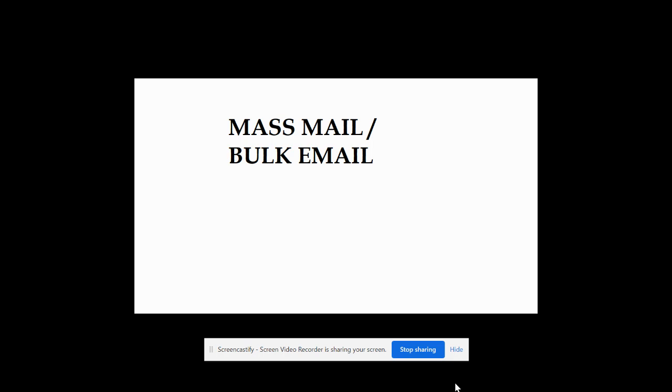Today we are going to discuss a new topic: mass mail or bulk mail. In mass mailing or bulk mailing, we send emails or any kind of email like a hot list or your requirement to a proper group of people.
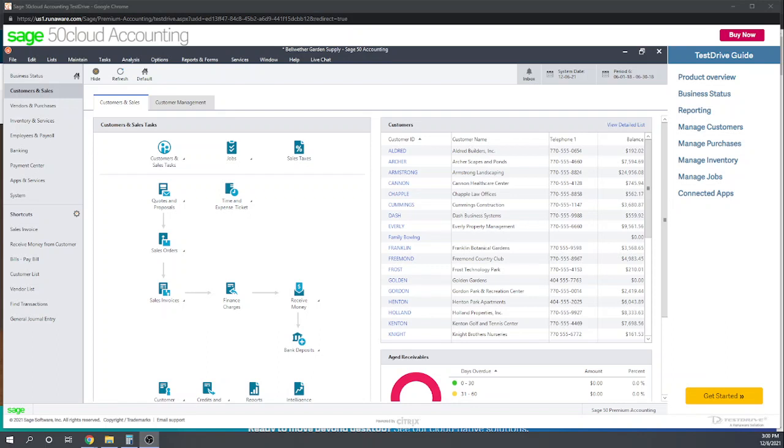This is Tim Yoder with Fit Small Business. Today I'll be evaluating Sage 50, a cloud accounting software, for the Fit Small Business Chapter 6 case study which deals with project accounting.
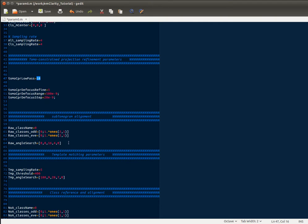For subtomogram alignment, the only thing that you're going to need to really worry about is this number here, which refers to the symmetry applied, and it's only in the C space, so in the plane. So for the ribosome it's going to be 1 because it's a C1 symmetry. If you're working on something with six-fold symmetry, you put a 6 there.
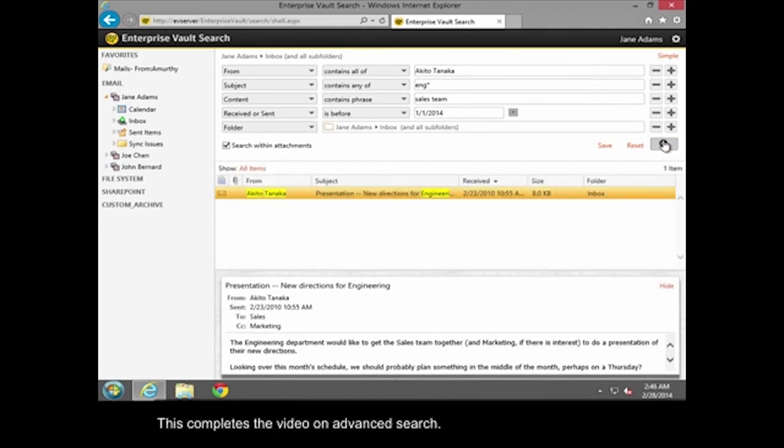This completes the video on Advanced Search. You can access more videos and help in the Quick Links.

§ §

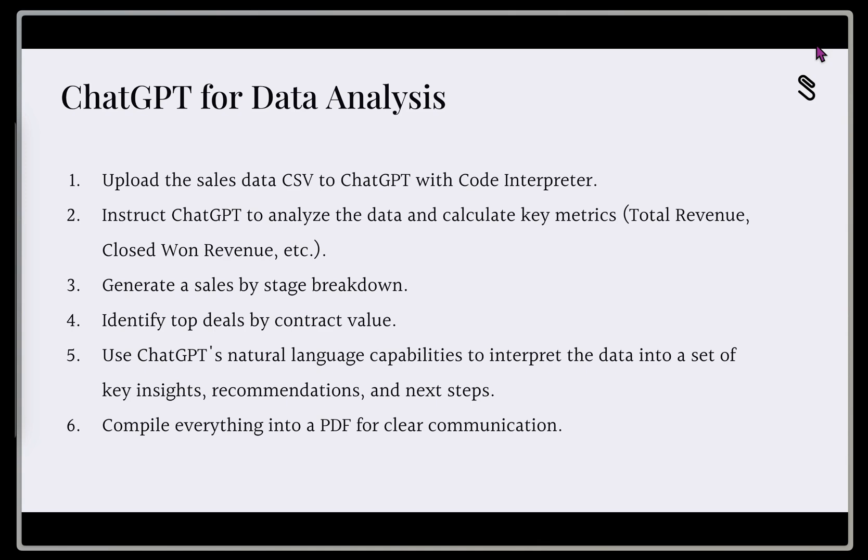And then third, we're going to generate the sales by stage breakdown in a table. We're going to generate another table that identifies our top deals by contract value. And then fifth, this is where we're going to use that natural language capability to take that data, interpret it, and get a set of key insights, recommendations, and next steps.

§ §

## WORK TASK
Starting with the line that has "This is Tim" and going on through the line that has "This completes the", transcribe the records above exactly, but skip the pictures.

## COMPLETED TASK
This is Tim Yoder with Fit Small Business. Today I'll be evaluating Sage 50, a cloud accounting software, for the Fit Small Business Chapter 6 case study which deals with project accounting.
For subtomogram alignment, the only thing that you're going to need to really worry about is this number here, which refers to the symmetry applied, and it's only in the C space, so in the plane. So for the ribosome it's going to be 1 because it's a C1 symmetry. If you're working on something with six-fold symmetry, you put a 6 there.
This completes the video on Advanced Search. You can access more videos and help in the Quick Links.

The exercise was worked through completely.